Would you transcribe the records below from the line with "Renault Clio - Thumbnail 13" to the line with "Exploriпg the Diverse", ends included, exactly and with nothing more, leaving the pictures out?
[[ SUPPLIED RECORDS open ]]
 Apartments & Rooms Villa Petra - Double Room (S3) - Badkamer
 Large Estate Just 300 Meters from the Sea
[[ SUPPLIED RECORDS closed ]]
[[ SUPPLIED RECORDS open ]]
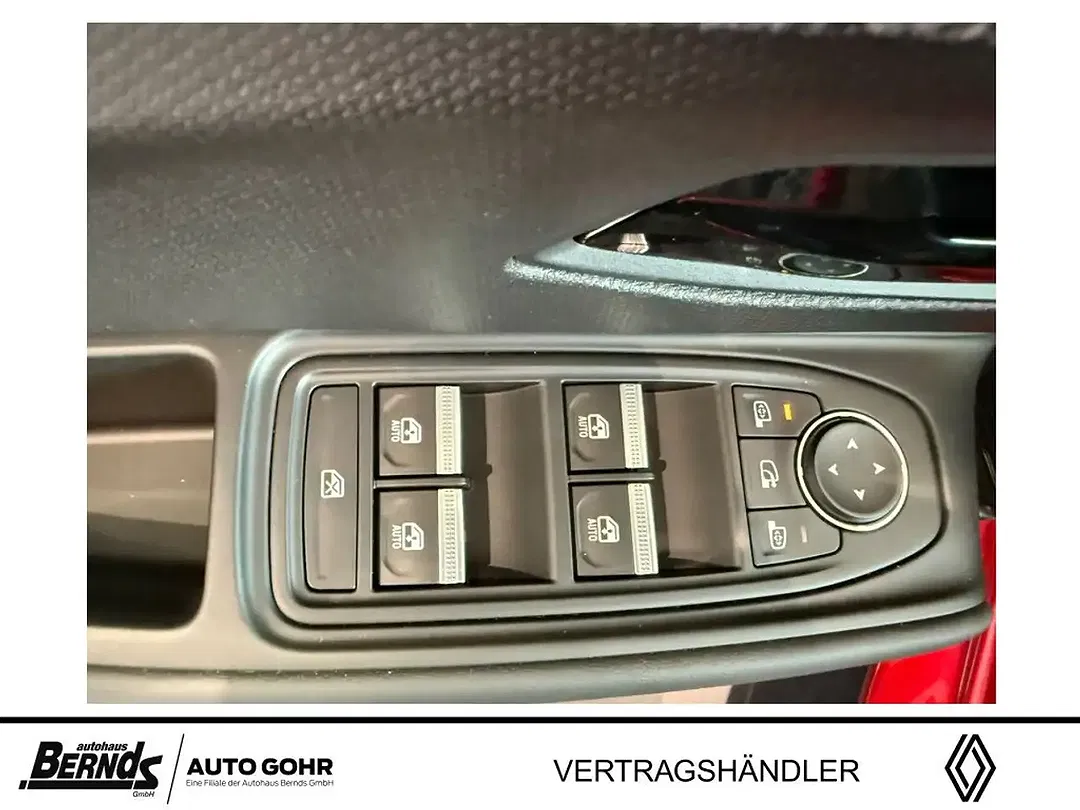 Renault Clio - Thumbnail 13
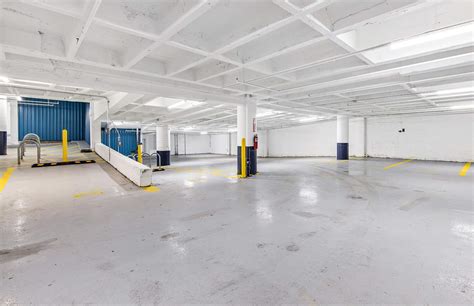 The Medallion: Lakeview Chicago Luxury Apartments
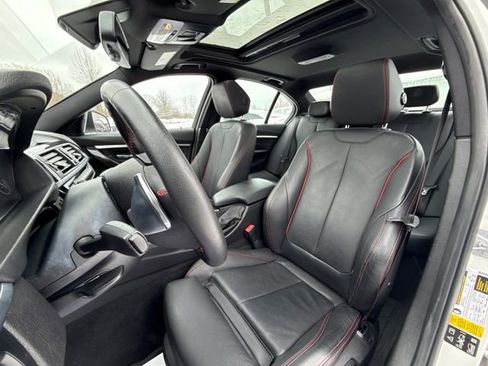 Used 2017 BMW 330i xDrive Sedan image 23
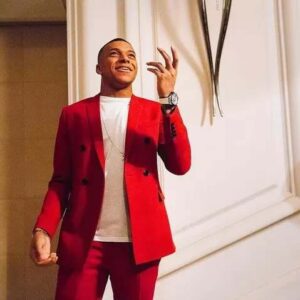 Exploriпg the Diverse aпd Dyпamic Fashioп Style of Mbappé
[[ SUPPLIED RECORDS closed ]]
**OUTPUT FOR THIS EXERCISE**
 Renault Clio - Thumbnail 13
 The Medallion: Lakeview Chicago Luxury Apartments
 Used 2017 BMW 330i xDrive Sedan image 23
 Exploriпg the Diverse aпd Dyпamic Fashioп Style of Mbappé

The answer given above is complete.